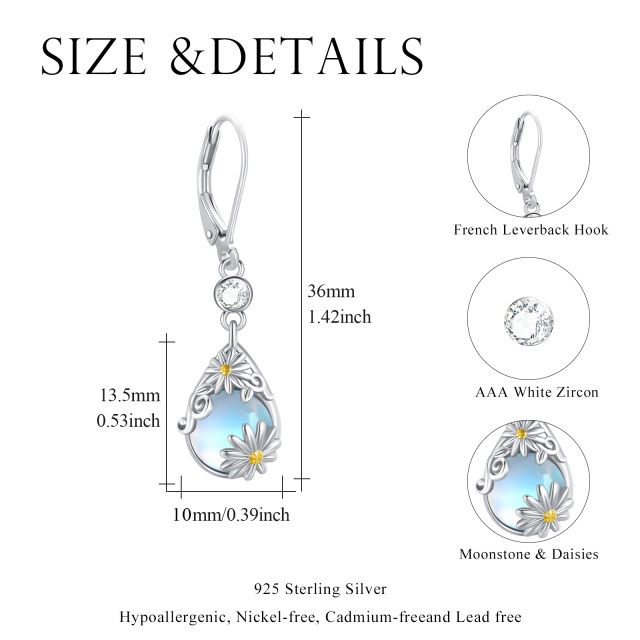 Sterling Silver Two-tone Pear Shaped Moonstone Daisy Lever-back Earrings-5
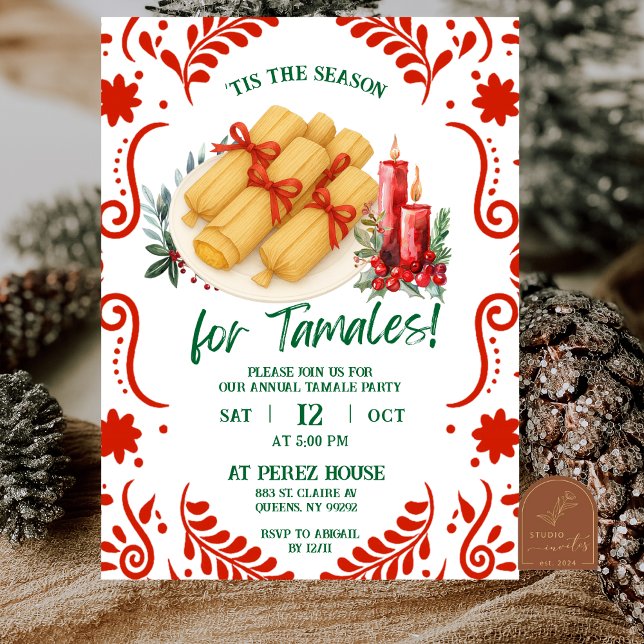Invitación Mexican Season for Tamales Christmas Fiesta (Subido por el creador)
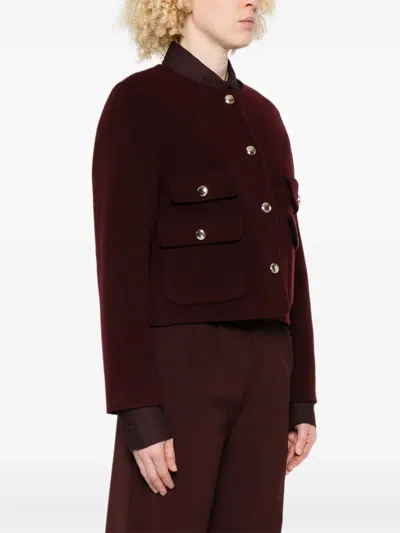 Maje Button-fastening Flap-pockets Cropped Jacket In Red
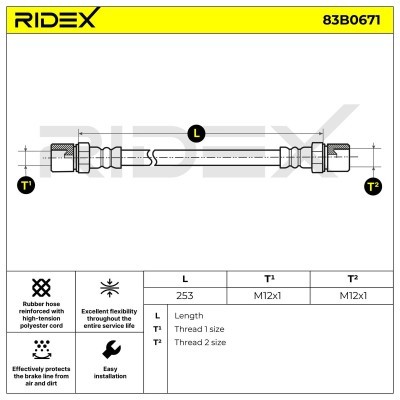 Bremsschlauch RIDEX 83B0671 83B0671 - foto 2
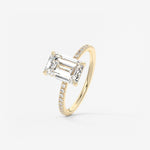 Emerald Pave Lab Grown Diamond Engagement Ring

● ● ● ● ● ● ●

Your answer must be exactly the lines from the one containing "Maje Button-fastening Flap-pockets" through the last line of the records above, both included, with every picture left out.

[SOLUTION TO THIS TASK]
 Maje Button-fastening Flap-pockets Cropped Jacket In Red
 Bremsschlauch RIDEX 83B0671 83B0671 - foto 2
 Emerald Pave Lab Grown Diamond Engagement Ring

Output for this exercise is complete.